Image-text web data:
-------------------------
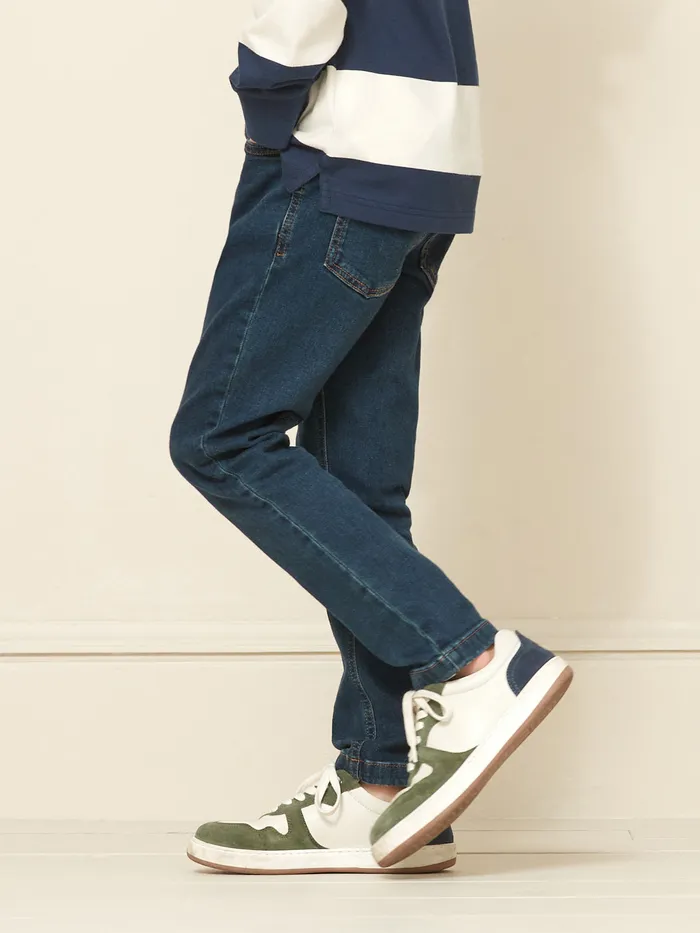 Boys Cyrillus Clothing StraightLeg Jeans 6399 Bleu Fonce Uni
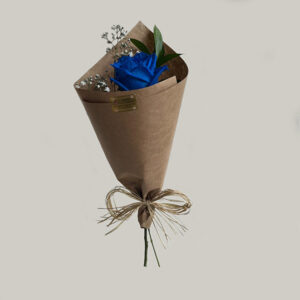 Rosa Azul Encantada no Papel Kraft – Unidade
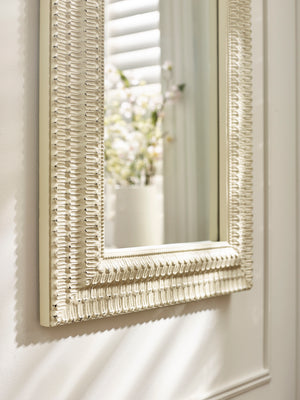 Alanis Rectangular Wall Mirror - White - Living with Luxury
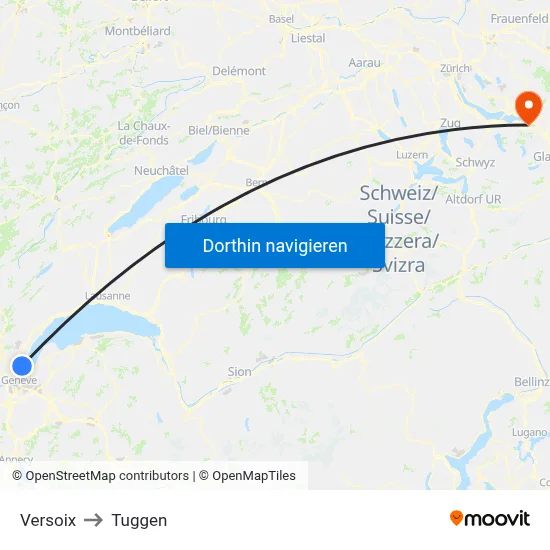 Versoix to Tuggen map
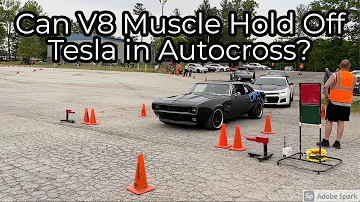 Can V8 Muscle Hold Off Tesla in Autocross?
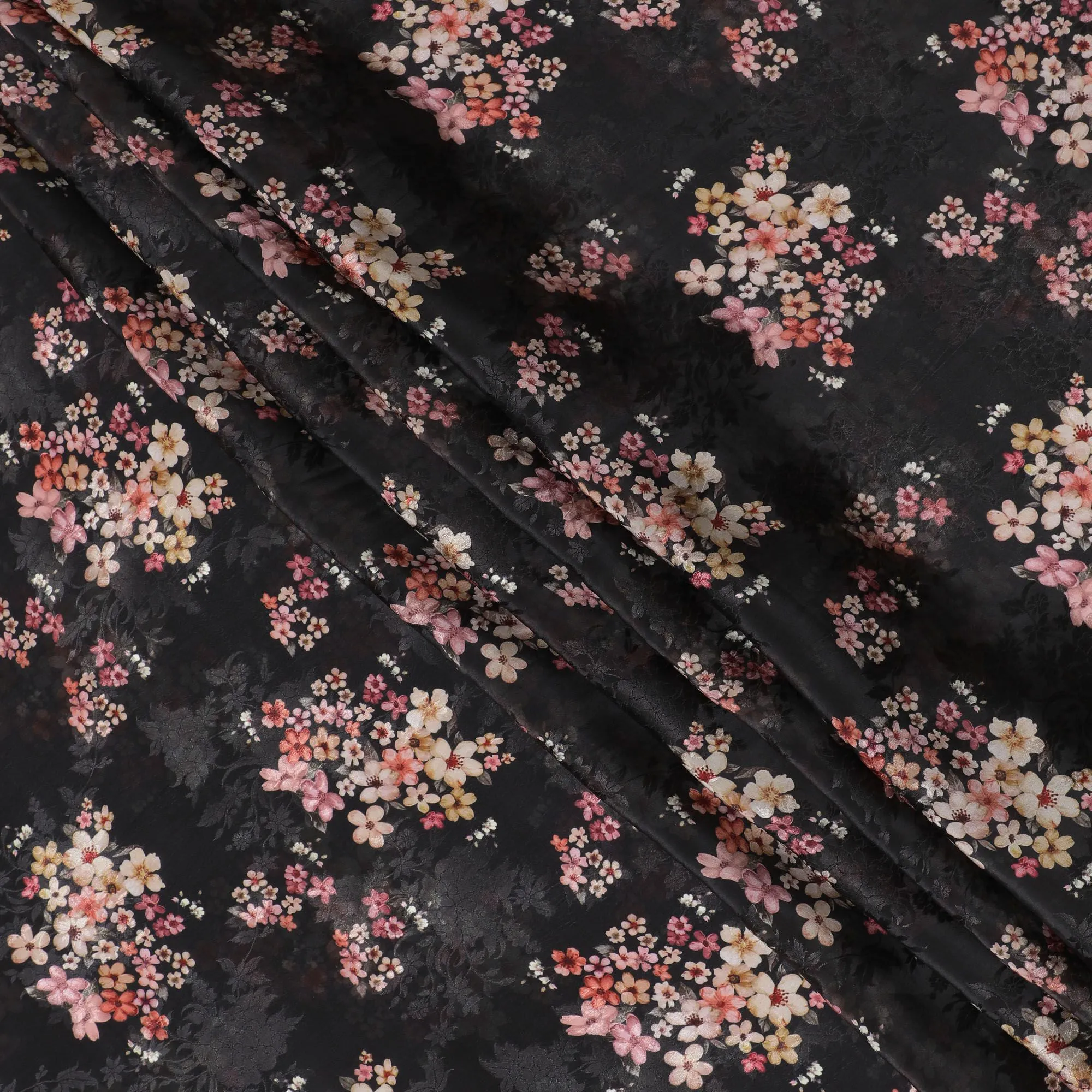 Midnight Sakura Viscose Crepe Fabric, 110cm Wide â€“ Ethereal Floral Delicacy-D18399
-------------------------
» **What you need to do**
The response should consist of the lines above from the first through the one containing "Can V8 Muscle Hold Off Tesla in Autocross?", transcribed exactly, with every picture left out.

» **Result of this exercise**
 Boys Cyrillus Clothing StraightLeg Jeans 6399 Bleu Fonce Uni
 Rosa Azul Encantada no Papel Kraft – Unidade
 Alanis Rectangular Wall Mirror - White - Living with Luxury
 Versoix to Tuggen map
 Can V8 Muscle Hold Off Tesla in Autocross?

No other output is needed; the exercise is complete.